M. Bourdeau a porté plainte à la police et un rapport a été rédigé, mais il s’est fait dire qu’il y avait peu d’espoir qu’il récupère son argent. Il s’est aussi informé auprès de son assureur, mais n’était pas couvert pour ce genre d’événement. Depuis, le verger a changé d’adresse courriel et remplacé son ordinateur.

Le fraudeur a envoyé un faux spécimen de chèque de la Banque Scotia à l’emballeur, alors que les Vergers MJ Bourdeau font plutôt affaire avec la Caisse Desjardins.

De plus en plus fréquent

Un expert en cybersécurité, Benoît Dupont, affirme que plusieurs autres cas identiques se sont produits au Québec, impliquant parfois la perte de millions de dollars, en un seul virement. « Ça arrive dans beaucoup de domaines, entre autres immobilier ou juridique, dans lesquels vous avez des fournisseurs qui entretiennent des relations d’affaires avec des clients. Les fraudeurs s’immiscent entre les deux et ils détournent de l’argent.
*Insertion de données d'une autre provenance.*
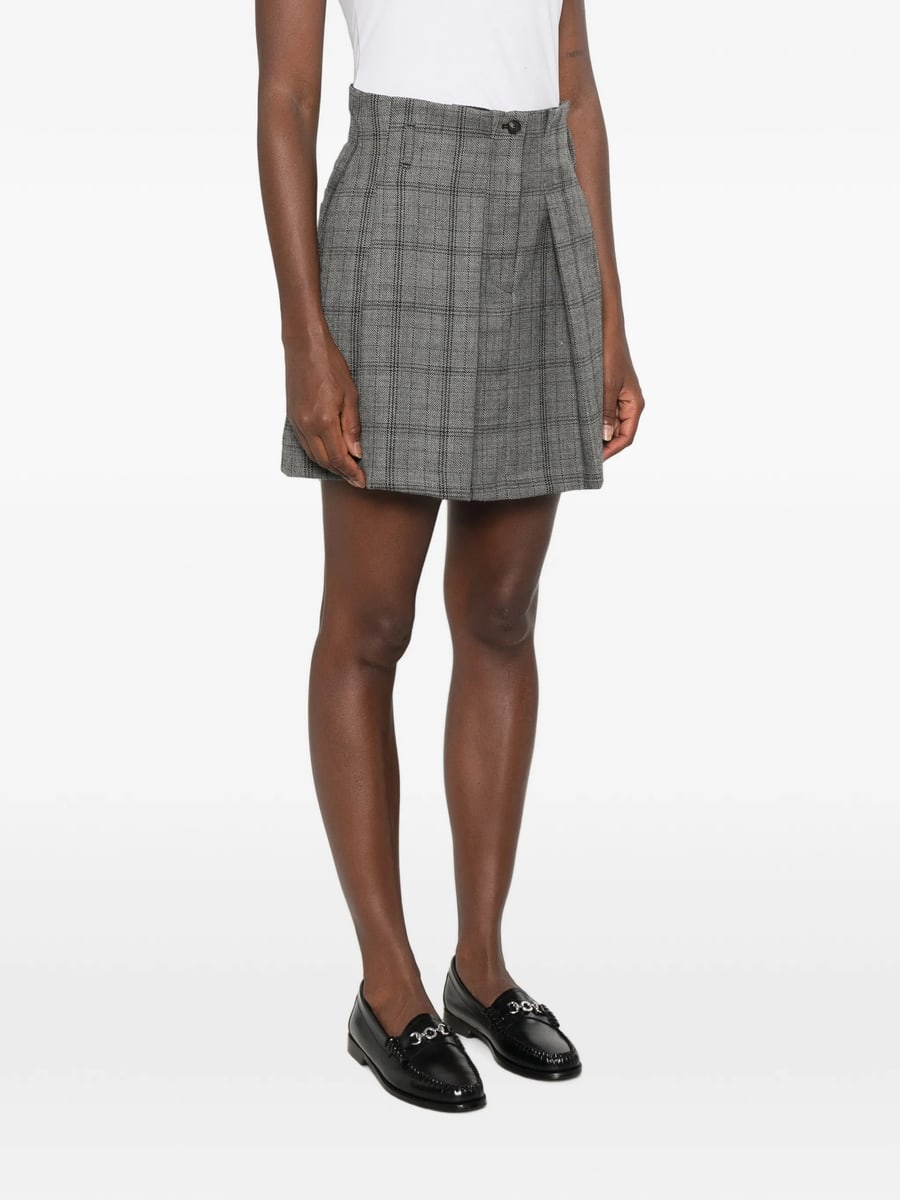 Tela Tela Check-pattern Pleated Mini Skirt, view 2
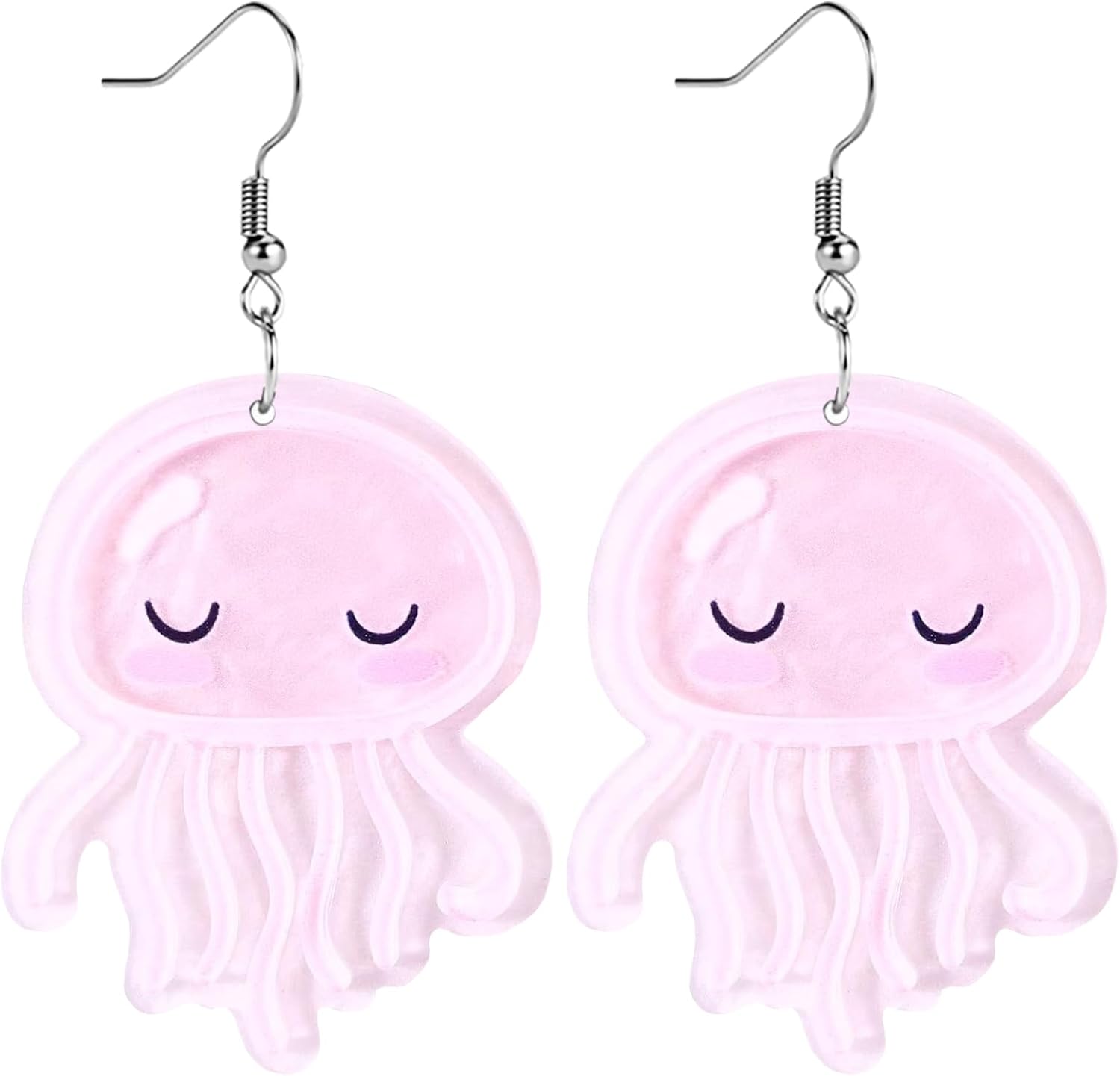 Sunflower Paw Print Earrings for Women - Unique & Quirky Funky Acrylic Dangle Earrings, Cute & Silly Novelty Design, Wacky & Crazy Earrings for Fun Lovers - 我的商店我的商店我的商店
Des fois, ils envoient des factures à payer en se basant sur des relations existantes », explique le professeur titulaire à l’École de criminologie de l’Université de Montréal et titulaire de la Chaire de recherche du Canada en cyberrésilience.

Or, ce genre de stratagème sera de plus en plus fréquent, selon lui, dans des secteurs a priori moins ciblés, comme l’agriculture. « Étant donné qu’on utilise la technologie partout, maintenant, tout le monde est à risque. »

Pomiculteur, avocat d’affaires ou banquier, les fraudeurs ciblent tout le monde, tous les gens de qui ils peuvent recevoir de l’argent, y compris dans les secteurs d’activités qui se sentent protégés face à cette nouvelle réalité.

Benoît Dupont

Il recommande aux agriculteurs et à leurs acheteurs d’intégrer à leurs procédures des vérifications par téléphone de l’identité des personnes avec lesquelles ils échangent des courriels avant tout virement bancaire.

« Il ne faut pas appeler au numéro de téléphone qui figure sur le courriel, mais à un numéro de téléphone qui a été vérifié au préalable auprès du fournisseur. Ce qu’on essaie d’éviter, c’est que tout dépende uniquement des échanges de courriels », spécifie-t-il.  Ces mesures de sécurité sont plus pertinentes que jamais en 2024, insiste l’expert, même si elles ralentissent les procédures.